▶ Description of the task
Print, exactly and with no pictures, the line containing "Ciudad Perdida in the Caribbean of Colombia" and each line after it to the end of the entries below.

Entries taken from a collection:
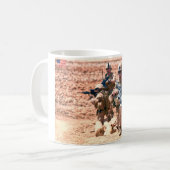 MUG PERSONNEL AMÉRICAIN DE COMBAT (Devant gauche)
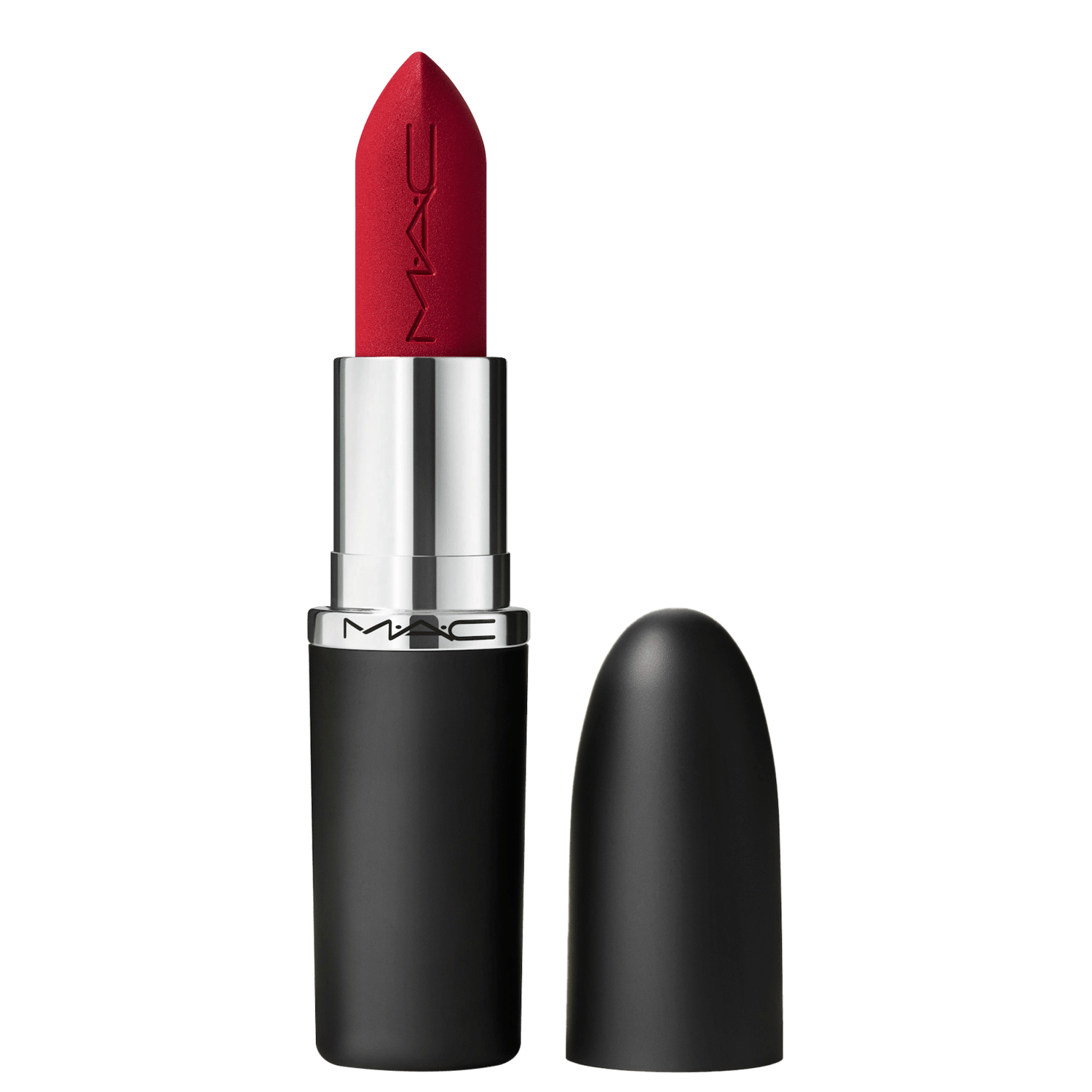 Batom Matte MAC Macximal Ruby Woo 3.5g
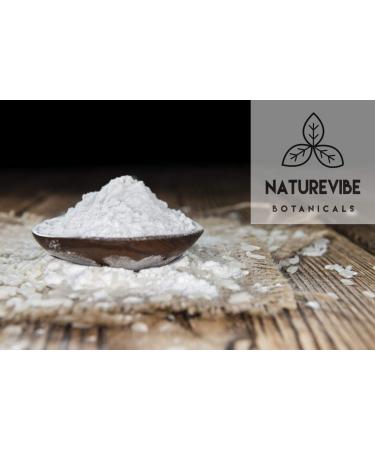 Naturevibe Botanicals Organic White Rice Flour - 2lbs | Non-GMO & Gluten Free | Ideal for Cooking & Baking | 32oz | Packaging May Vary - Buy Online on SooperMarket.com
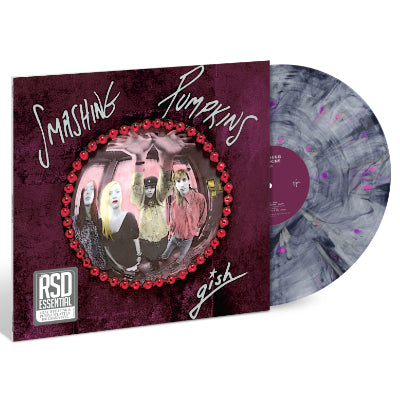 Smashing Pumpkins, The - Gish (35th Anniversary Indie Exclusive ‘RSD Essentials‘ Grey w/ Pink & Purple Colour Splatter Vinyl) (Vinyl LP)
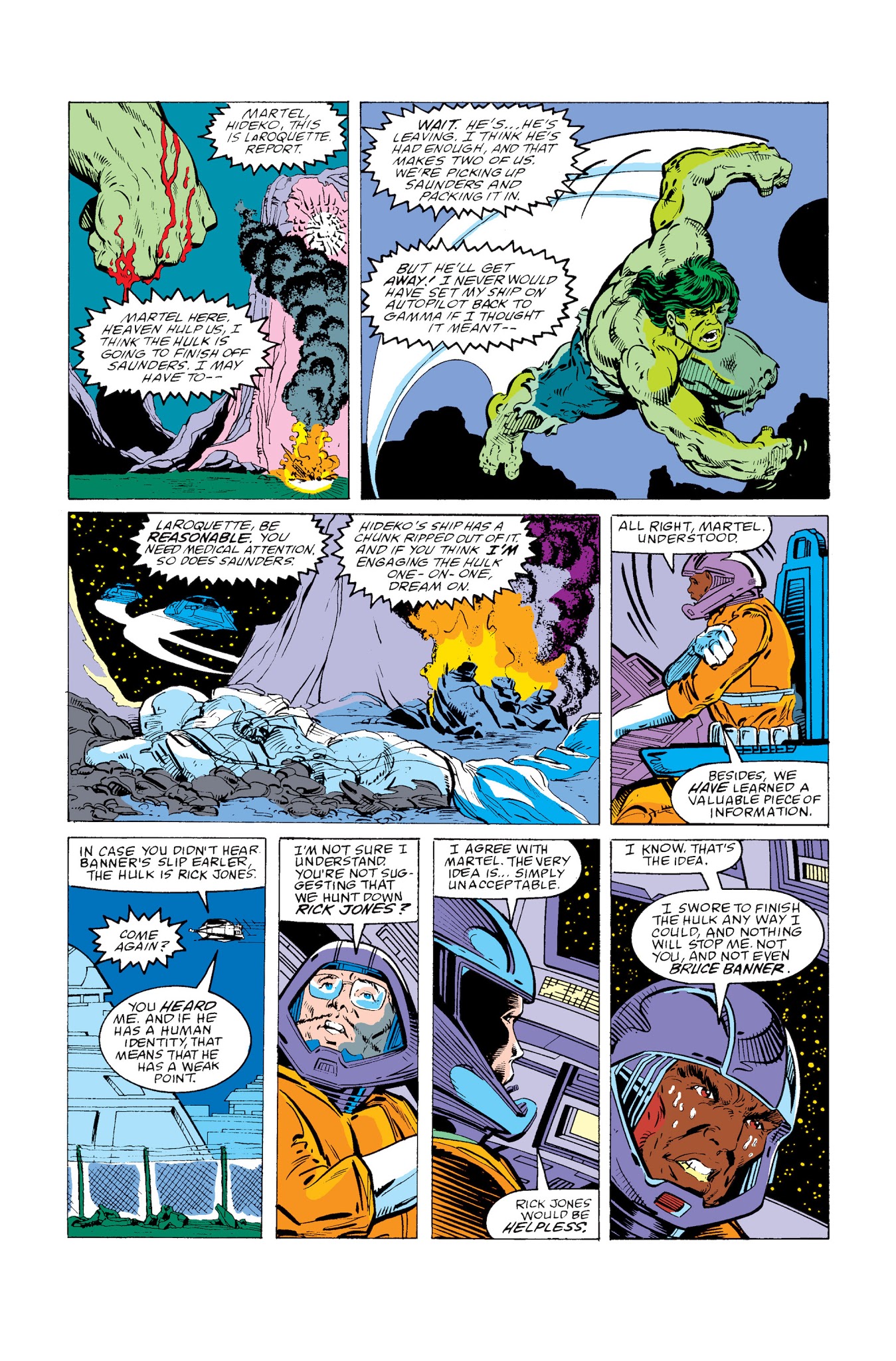 Read online Hulk Visionaries: Peter David comic -  Issue # TPB 1 - 24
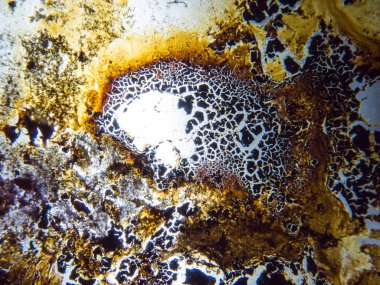 boya ile kimyasal deney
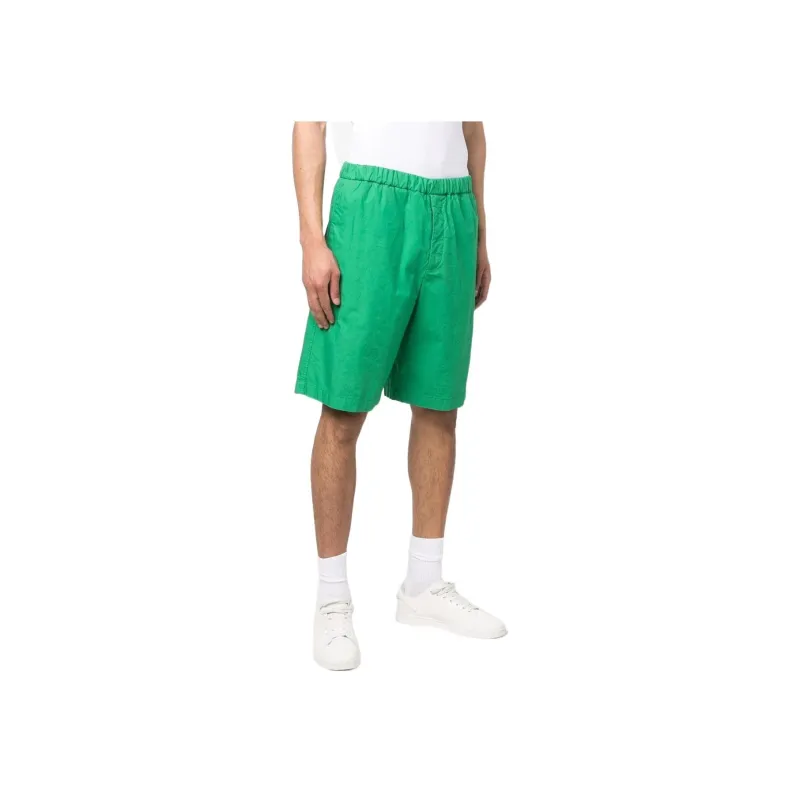JIL SANDER High Waist Knee Length Shorts-2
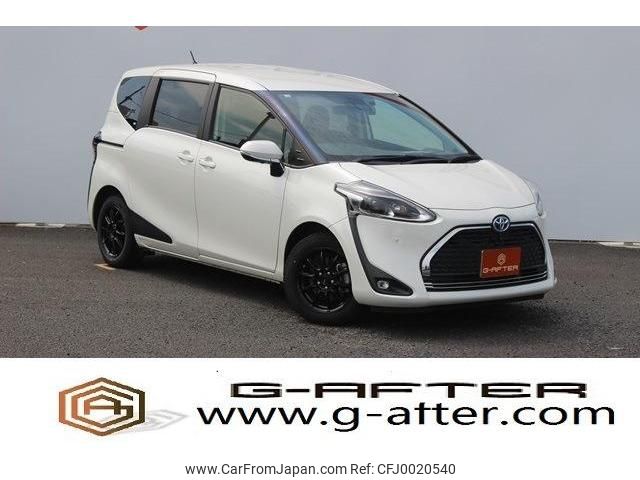 toyota sienta 2020 -TOYOTA--Sienta 6AA-NHP170G--NHP170-7221465---TOYOTA--Sienta 6AA-NHP170G--NHP170-7221465- image 1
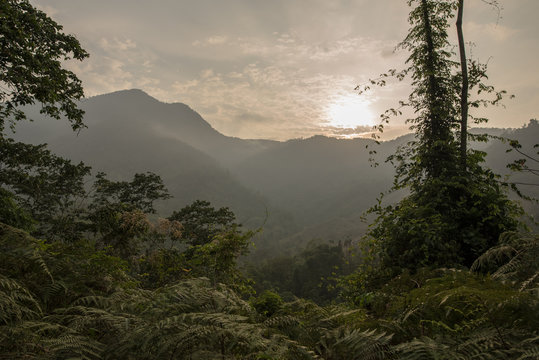 Ciudad Perdida in the Caribbean of Colombia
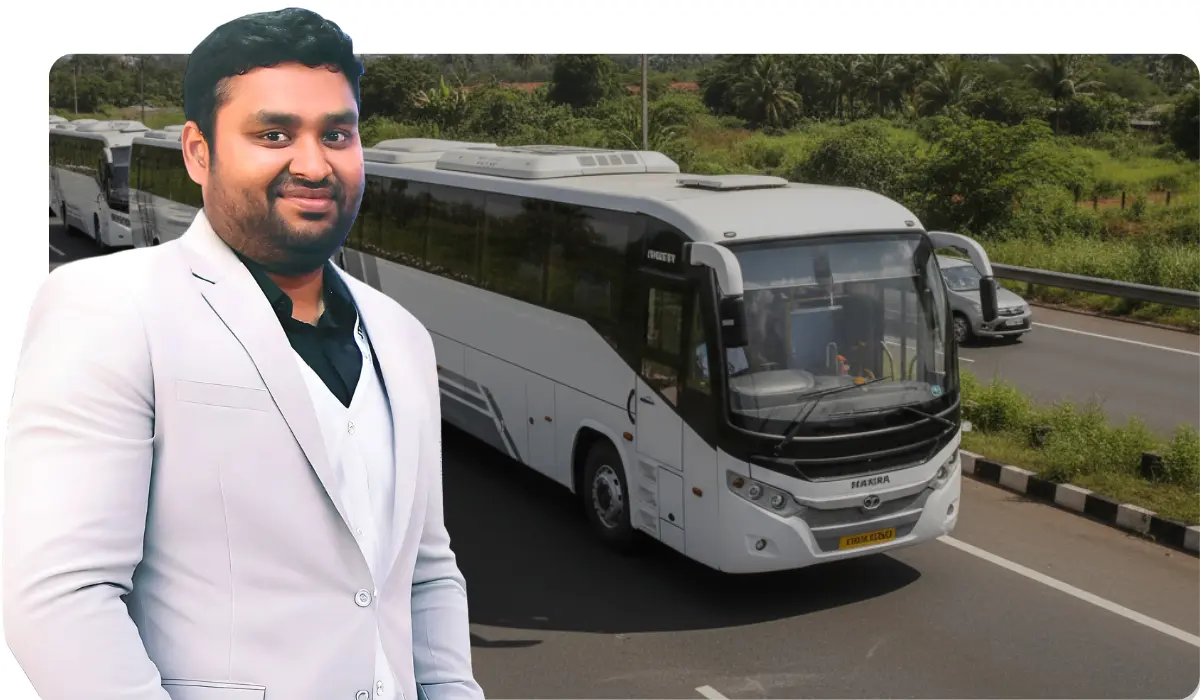 Sunil Ravindran, Green Energy Mobility Solutions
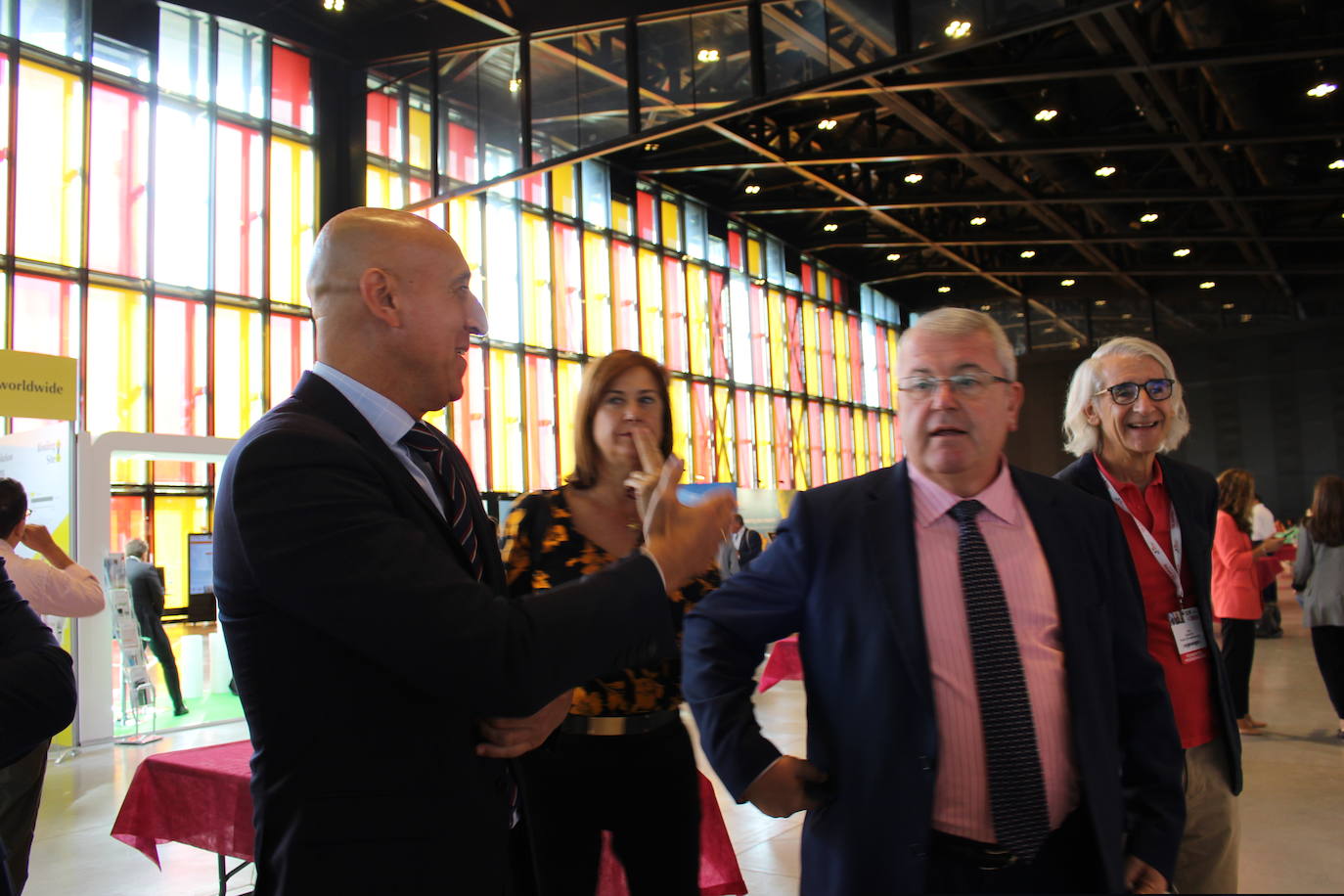 Inauguración del 43 Congreso Nacional de la Sociedad Española de Inmunología que se celebrará en León del 22 al 24 de septiembre.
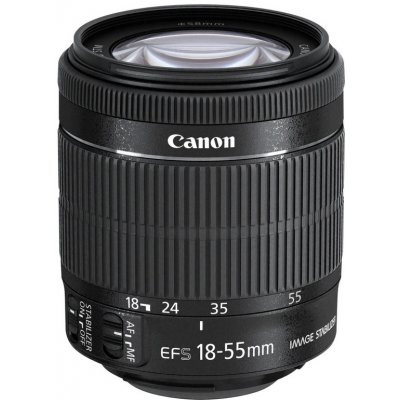 Canon EF-S 18-55mm f/3.5-5.6 IS STM – Hledejceny.cz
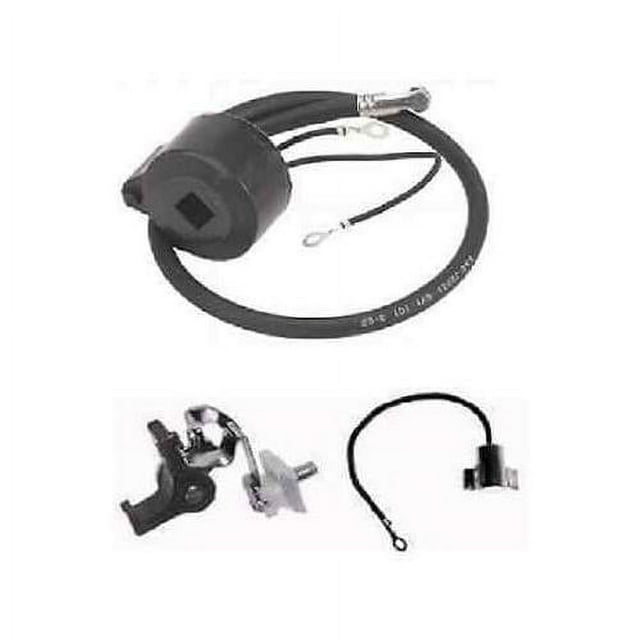 Ignition Coil W/Set Points & Condenser For Tecumseh Snow Blower Thrower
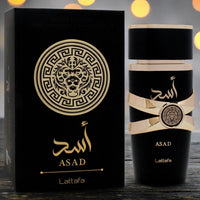 Lattafa Asad For Men 3.4 oz Eau De Parfum Spray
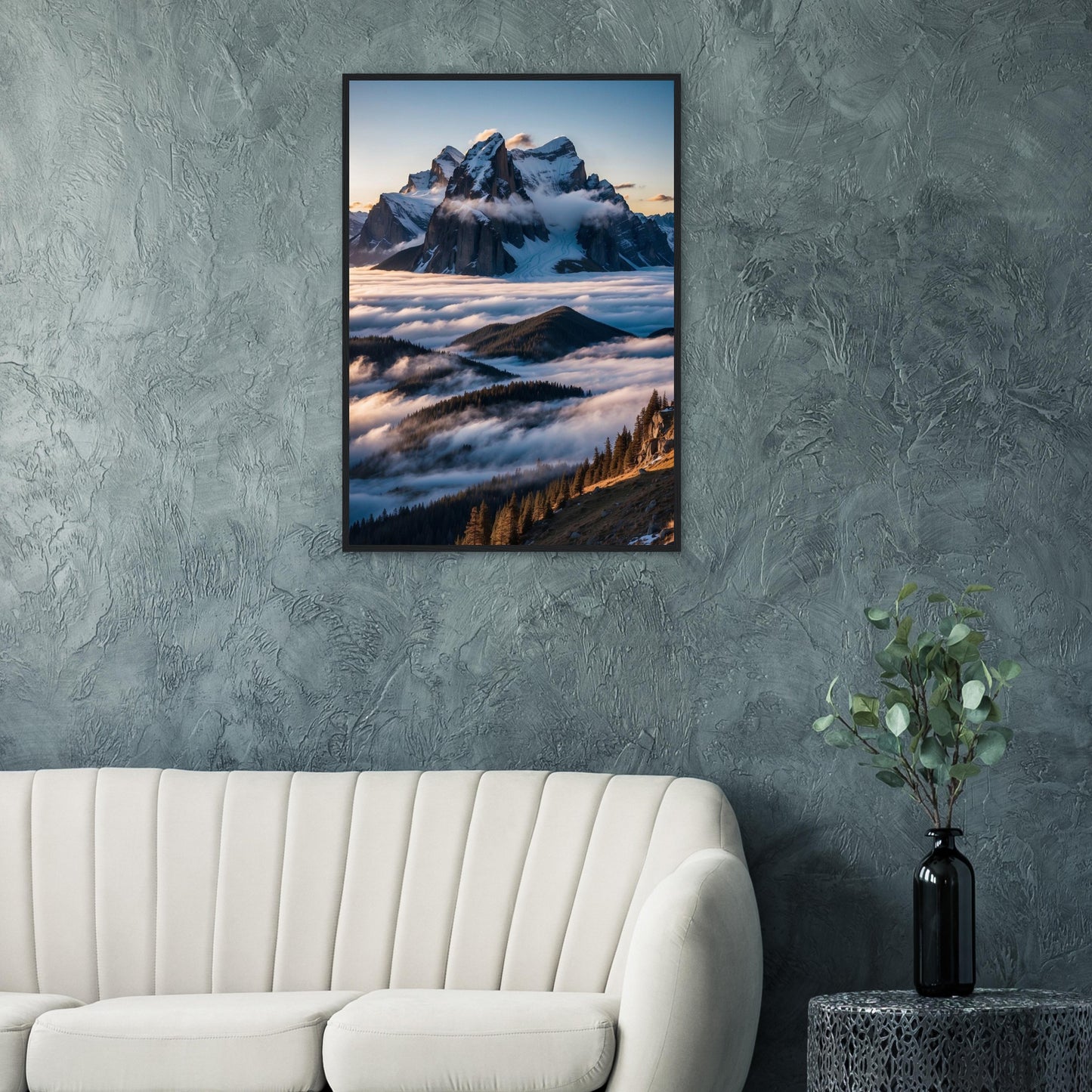 Premium Matte Paper Wooden Framed Poster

▶ Result of this exercise
 Ciudad Perdida in the Caribbean of Colombia
 Sunil Ravindran, Green Energy Mobility Solutions
 Inauguración del 43 Congreso Nacional de la Sociedad Española de Inmunología que se celebrará en León del 22 al 24 de septiembre.
 Canon EF-S 18-55mm f/3.5-5.6 IS STM – Hledejceny.cz
 Ignition Coil W/Set Points & Condenser For Tecumseh Snow Blower Thrower
 Lattafa Asad For Men 3.4 oz Eau De Parfum Spray
 Premium Matte Paper Wooden Framed Poster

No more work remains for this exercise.